:: DATA
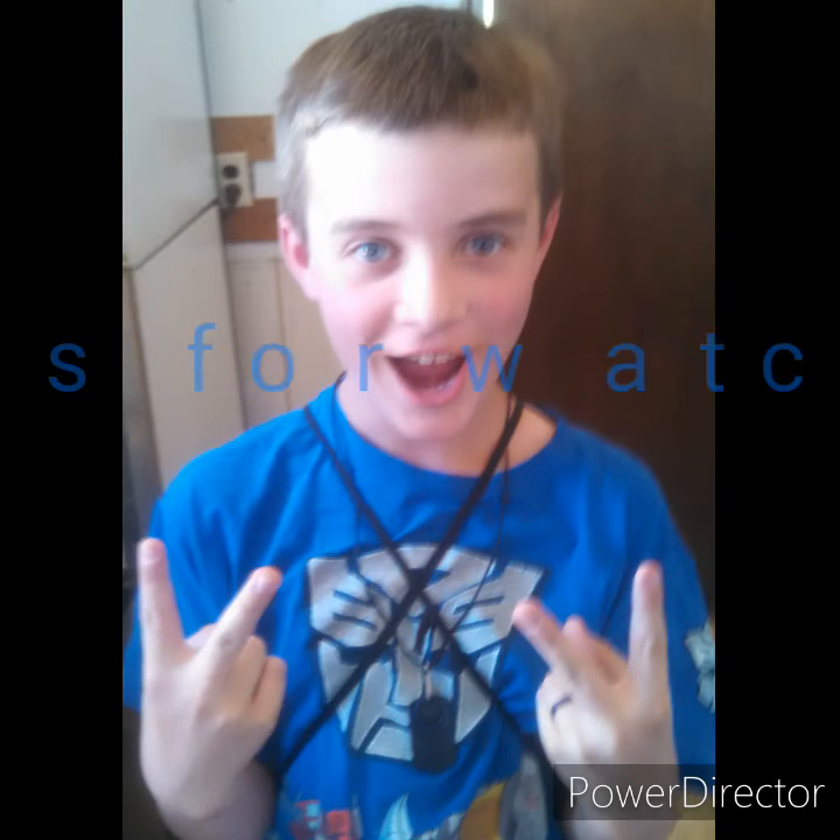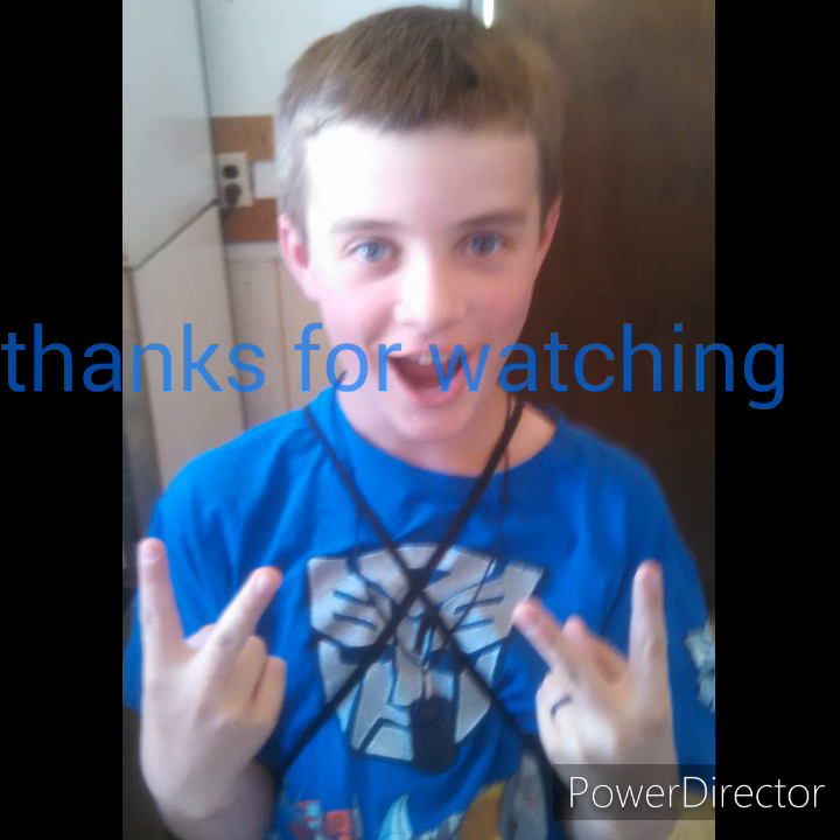I hope you like the video, and subscribe and like it and all that. See you in the next one. Boom! Bye! Bye!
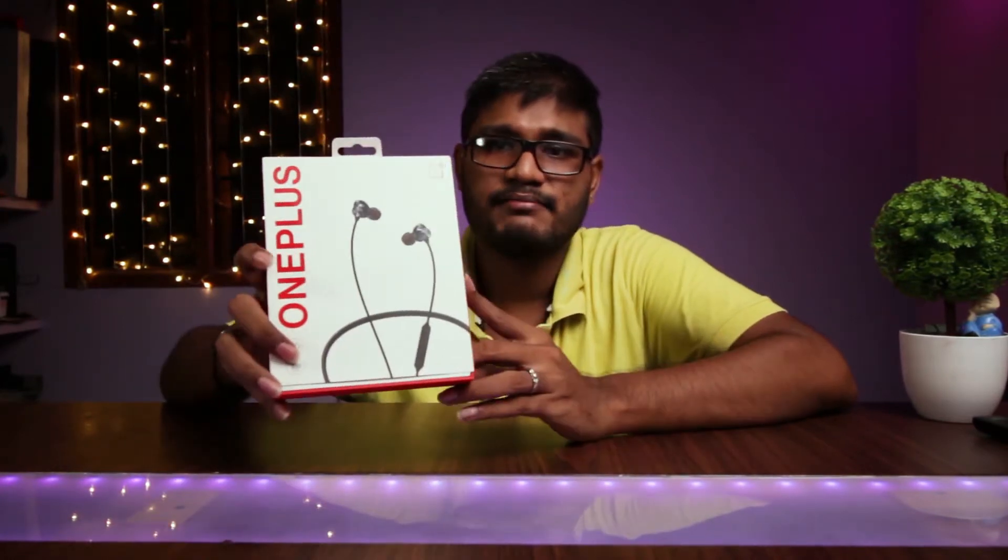Hi, hello! Welcome back to the channel Unpack Me, this is your Vignesh here. Today we are going to unbox the OnePlus Bullets Wireless Z — this is a Bluetooth earphone from OnePlus. This is the box it comes in.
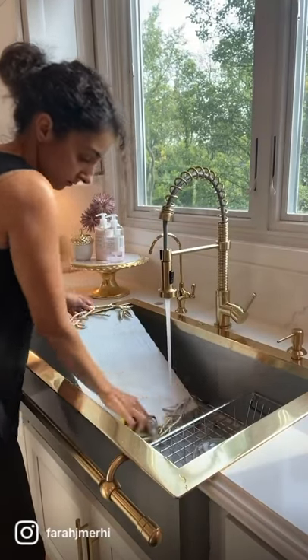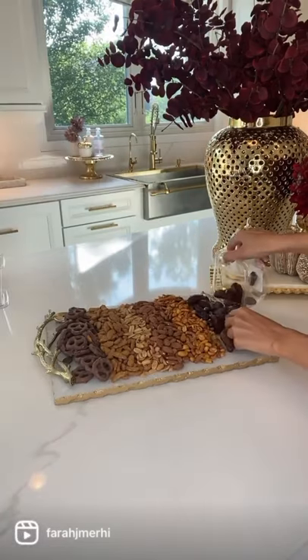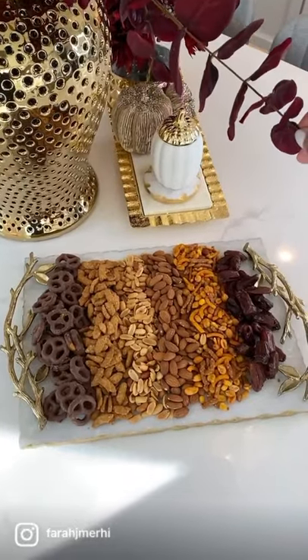Here are four different ways you can style a tray. Use it as a snack board — first start by washing it, then display your snacks for your family and friends to enjoy in style.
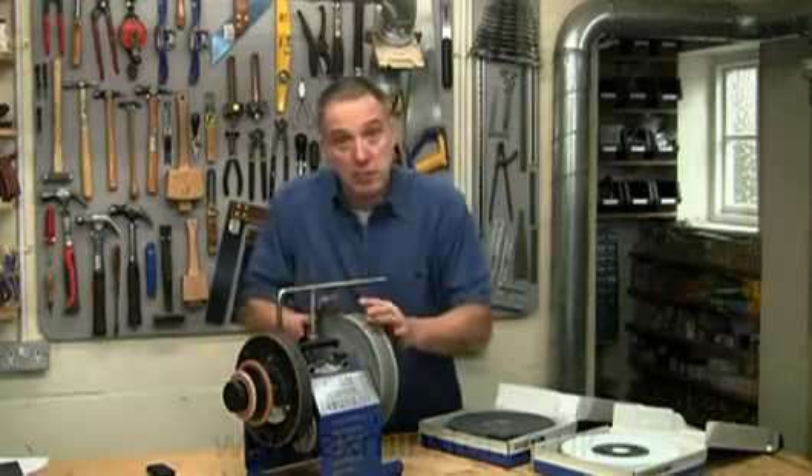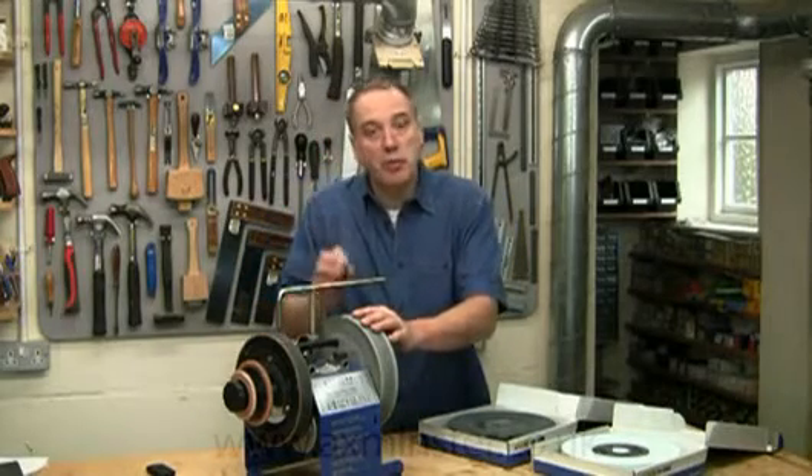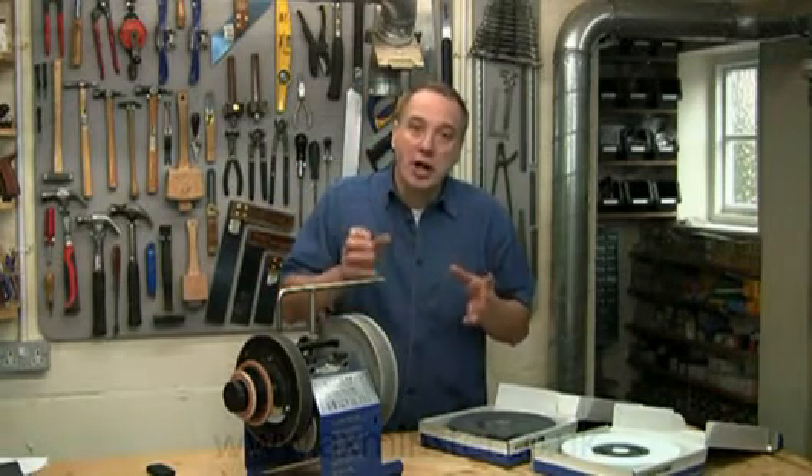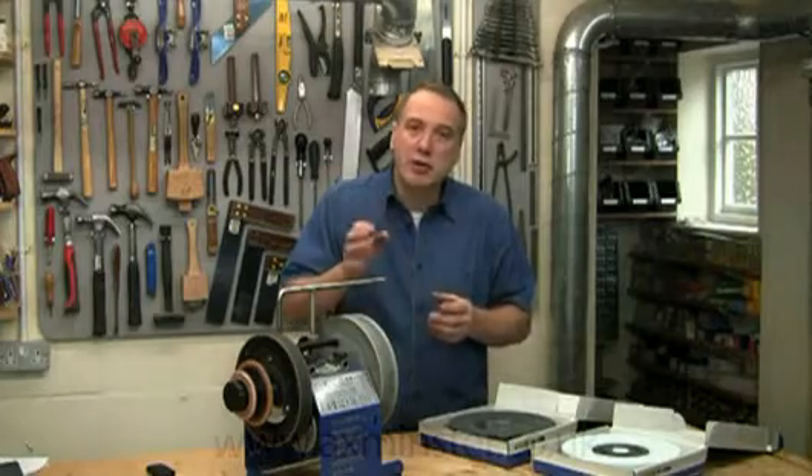The standard stones supplied with the machine will deal with most sharpening jobs. But as tool metallurgy advances, there's a whole new generation of tools starting to appear which contain much harder alloys, and these are really tough to grind.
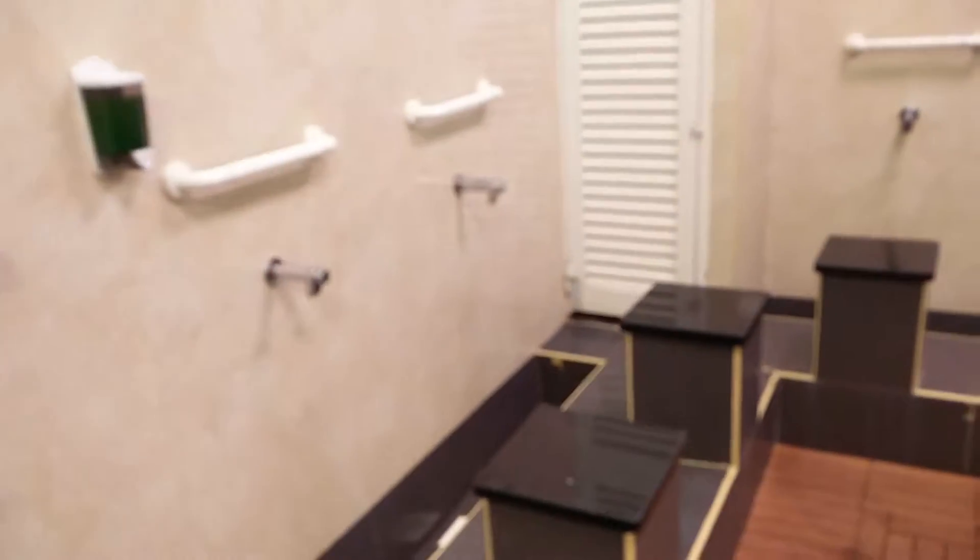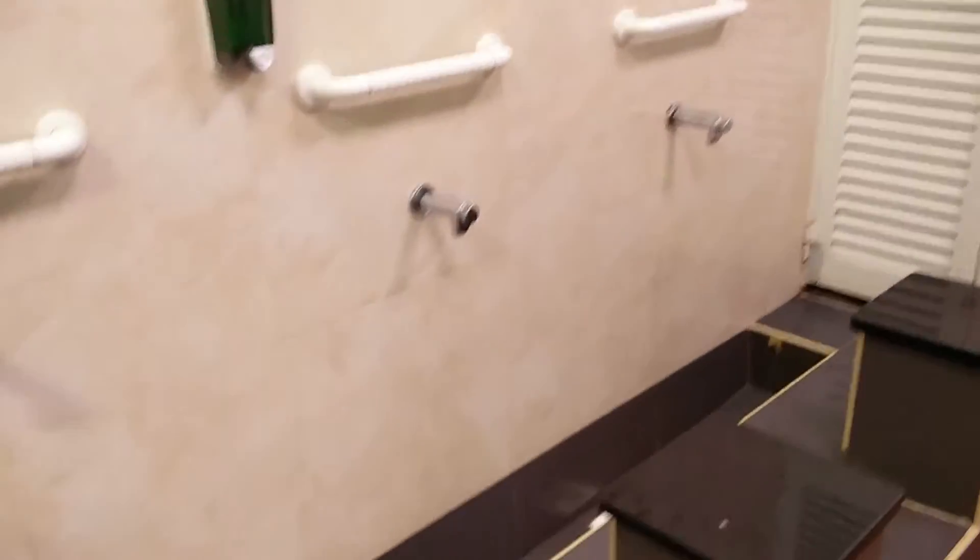This is a complimentary foot washing installment next to the bathroom. You just sit on these, push, water comes out, and there's free soap to wash your feet and cleanse yourself.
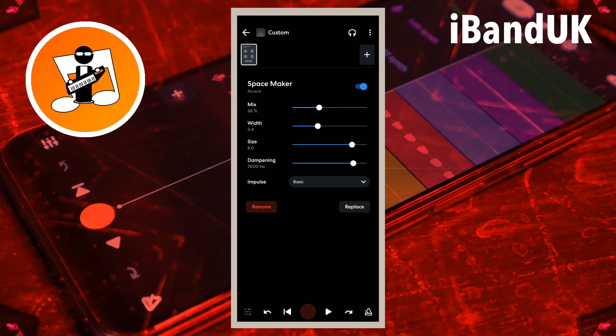Drag the dot on the line to the right of the word size to the left to shorten the reverb, and to the right to make the reverb longer. Moving the dot to the left is better for faster songs, and moving the dot to the right is better for slower songs.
::::
Write out every record above exactly, leaving no picture in the result.

I hope you like the video, and subscribe and like it and all that. See you in the next one. Boom! Bye! Bye!
Hi, hello! Welcome back to the channel Unpack Me, this is your Vignesh here. Today we are going to unbox the OnePlus Bullets Wireless Z — this is a Bluetooth earphone from OnePlus. This is the box it comes in.
Here are four different ways you can style a tray. Use it as a snack board — first start by washing it, then display your snacks for your family and friends to enjoy in style.
The standard stones supplied with the machine will deal with most sharpening jobs. But as tool metallurgy advances, there's a whole new generation of tools starting to appear which contain much harder alloys, and these are really tough to grind.
This is a complimentary foot washing installment next to the bathroom. You just sit on these, push, water comes out, and there's free soap to wash your feet and cleanse yourself.
Drag the dot on the line to the right of the word size to the left to shorten the reverb, and to the right to make the reverb longer. Moving the dot to the left is better for faster songs, and moving the dot to the right is better for slower songs.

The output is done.